Hmm didn't consider that ESXi would have a problem with the onboard raid1. The system has internal usb ports, would it make more sense to boot ESXi from say a 64gb usb stick instead of the drives? If so would you reccomend also installing the Opensolaris VM on that stick? Obviously there would be no redundency, but I could make backups of the stick periodically.

I guess another option would be if I had the two HBA cards I could use 2 of the 16 ports to run the 2.5" drives and skip the onboard controller.

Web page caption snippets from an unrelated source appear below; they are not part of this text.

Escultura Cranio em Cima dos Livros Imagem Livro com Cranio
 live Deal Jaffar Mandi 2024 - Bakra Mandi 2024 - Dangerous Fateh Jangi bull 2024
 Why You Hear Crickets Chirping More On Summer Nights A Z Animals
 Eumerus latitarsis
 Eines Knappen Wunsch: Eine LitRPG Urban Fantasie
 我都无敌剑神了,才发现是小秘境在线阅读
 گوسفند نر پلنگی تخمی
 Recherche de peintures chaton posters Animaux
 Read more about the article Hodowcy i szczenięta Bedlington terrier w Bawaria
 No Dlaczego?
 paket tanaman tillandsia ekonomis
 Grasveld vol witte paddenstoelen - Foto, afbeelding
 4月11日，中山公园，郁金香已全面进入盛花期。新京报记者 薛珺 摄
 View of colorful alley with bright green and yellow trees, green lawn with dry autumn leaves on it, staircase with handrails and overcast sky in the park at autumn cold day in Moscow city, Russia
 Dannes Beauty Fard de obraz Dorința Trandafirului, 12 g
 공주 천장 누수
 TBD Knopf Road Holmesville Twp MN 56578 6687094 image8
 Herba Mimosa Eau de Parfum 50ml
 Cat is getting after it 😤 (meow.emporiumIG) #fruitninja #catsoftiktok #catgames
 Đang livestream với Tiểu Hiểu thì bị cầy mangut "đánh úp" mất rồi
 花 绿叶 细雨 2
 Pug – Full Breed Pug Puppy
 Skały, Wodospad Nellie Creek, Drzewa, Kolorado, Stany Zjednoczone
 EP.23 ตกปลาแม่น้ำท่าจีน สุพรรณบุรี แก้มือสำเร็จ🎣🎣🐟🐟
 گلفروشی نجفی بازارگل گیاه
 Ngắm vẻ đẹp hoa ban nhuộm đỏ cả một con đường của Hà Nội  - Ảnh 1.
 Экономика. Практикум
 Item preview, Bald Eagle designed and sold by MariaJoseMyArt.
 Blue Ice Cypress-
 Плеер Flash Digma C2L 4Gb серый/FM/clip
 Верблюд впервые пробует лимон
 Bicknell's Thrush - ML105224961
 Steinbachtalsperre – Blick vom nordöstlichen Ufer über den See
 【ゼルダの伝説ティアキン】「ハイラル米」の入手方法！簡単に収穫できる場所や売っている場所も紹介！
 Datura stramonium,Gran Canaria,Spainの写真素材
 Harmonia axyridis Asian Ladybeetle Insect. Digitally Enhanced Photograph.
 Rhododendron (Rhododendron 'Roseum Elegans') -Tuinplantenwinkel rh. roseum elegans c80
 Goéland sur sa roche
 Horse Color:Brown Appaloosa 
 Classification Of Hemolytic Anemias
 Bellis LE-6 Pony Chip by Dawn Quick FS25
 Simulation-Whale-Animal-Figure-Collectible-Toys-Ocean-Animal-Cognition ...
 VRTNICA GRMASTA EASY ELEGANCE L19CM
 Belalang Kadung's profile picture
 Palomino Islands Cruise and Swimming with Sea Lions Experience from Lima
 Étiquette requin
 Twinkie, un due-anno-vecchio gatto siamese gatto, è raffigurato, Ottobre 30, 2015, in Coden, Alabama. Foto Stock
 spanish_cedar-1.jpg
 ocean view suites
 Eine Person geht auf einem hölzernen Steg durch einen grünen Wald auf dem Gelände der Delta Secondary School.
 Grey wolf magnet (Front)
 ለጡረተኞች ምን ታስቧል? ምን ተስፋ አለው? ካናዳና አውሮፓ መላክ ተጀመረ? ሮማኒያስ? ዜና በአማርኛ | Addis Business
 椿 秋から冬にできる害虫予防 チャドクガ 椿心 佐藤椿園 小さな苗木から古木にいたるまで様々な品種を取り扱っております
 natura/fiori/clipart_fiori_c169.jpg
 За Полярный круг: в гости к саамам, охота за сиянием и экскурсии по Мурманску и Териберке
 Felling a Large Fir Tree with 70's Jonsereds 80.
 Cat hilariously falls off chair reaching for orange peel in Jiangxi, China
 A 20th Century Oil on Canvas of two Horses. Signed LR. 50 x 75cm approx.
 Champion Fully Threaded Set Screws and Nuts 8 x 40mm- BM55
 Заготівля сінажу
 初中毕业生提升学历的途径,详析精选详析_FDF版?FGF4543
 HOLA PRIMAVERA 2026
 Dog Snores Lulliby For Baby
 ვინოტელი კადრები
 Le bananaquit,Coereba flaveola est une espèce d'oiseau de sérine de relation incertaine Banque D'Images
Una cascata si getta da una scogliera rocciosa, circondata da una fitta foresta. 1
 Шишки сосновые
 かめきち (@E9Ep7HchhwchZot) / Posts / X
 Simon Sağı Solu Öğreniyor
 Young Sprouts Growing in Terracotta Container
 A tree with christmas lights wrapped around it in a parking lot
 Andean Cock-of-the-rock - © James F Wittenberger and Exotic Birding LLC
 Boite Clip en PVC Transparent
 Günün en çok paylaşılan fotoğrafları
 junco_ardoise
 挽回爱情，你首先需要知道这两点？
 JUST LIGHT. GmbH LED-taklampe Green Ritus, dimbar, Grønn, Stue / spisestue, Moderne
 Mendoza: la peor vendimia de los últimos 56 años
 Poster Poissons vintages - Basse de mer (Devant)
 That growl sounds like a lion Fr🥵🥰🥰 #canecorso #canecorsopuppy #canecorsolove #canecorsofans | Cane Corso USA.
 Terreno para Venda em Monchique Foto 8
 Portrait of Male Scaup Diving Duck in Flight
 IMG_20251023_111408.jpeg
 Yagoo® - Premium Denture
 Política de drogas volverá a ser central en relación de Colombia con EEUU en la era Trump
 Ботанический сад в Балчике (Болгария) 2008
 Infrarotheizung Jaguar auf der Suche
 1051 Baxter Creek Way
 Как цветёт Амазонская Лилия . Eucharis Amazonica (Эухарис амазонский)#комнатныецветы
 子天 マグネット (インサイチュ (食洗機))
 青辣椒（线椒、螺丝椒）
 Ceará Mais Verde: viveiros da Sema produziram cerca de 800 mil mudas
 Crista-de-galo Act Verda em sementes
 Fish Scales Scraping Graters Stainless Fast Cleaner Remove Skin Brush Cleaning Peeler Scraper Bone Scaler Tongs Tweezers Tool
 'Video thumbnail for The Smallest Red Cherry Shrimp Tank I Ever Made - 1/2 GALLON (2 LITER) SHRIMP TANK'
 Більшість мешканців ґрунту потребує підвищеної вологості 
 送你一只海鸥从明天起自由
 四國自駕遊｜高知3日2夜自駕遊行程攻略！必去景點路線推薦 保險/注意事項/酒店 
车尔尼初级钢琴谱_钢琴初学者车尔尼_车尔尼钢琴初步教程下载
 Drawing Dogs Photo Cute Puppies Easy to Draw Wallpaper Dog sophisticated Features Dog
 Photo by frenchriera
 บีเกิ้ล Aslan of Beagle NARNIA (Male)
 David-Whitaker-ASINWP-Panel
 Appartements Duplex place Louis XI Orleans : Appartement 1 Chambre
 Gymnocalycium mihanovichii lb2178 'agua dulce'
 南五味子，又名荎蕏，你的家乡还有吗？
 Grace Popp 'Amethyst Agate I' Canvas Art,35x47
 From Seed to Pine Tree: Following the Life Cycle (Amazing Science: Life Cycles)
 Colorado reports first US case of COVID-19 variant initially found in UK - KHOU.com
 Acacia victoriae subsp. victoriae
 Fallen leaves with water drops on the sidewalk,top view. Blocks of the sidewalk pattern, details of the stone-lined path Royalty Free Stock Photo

I'll have to double check the chipset, this is from the R510 tech guide from Dell:
Introduction of the new Intel Xeon processor 5600 series includes a stepping revision of the Intel 5520 and 5500 chipset, which is required to enable the full 5600 series feature set. Dell servers shipped with the new chipset revision have the symbol II in the System Revision Field visible through OpenManage™ Server Administrator (OMSA) and the iDRAC GUI. They are physically marked with a 12 x 6mm rectangular label containing the symbol II. The memory interface is optimized for 800/1066/1333 MHz DDR3 SDRAM memory with ECC when running with Intel Xeon processor 5600 series.

about chipset
http://www.dell.com/downloads/global/products/pedge/en/poweredge-r510-specs-en.pdf
claims a 5500 chipset and 8 dimm-slots only

do have a newer model?


about booting from usb
i would say its a absolutely nogo.
usual usb sticks are not good for os-use and 10 x slower than disks
even with the newest ssd-like slc usb3 sticks, its much slower.
use a good sata drive instead (i would prefer a 50 gb ssd)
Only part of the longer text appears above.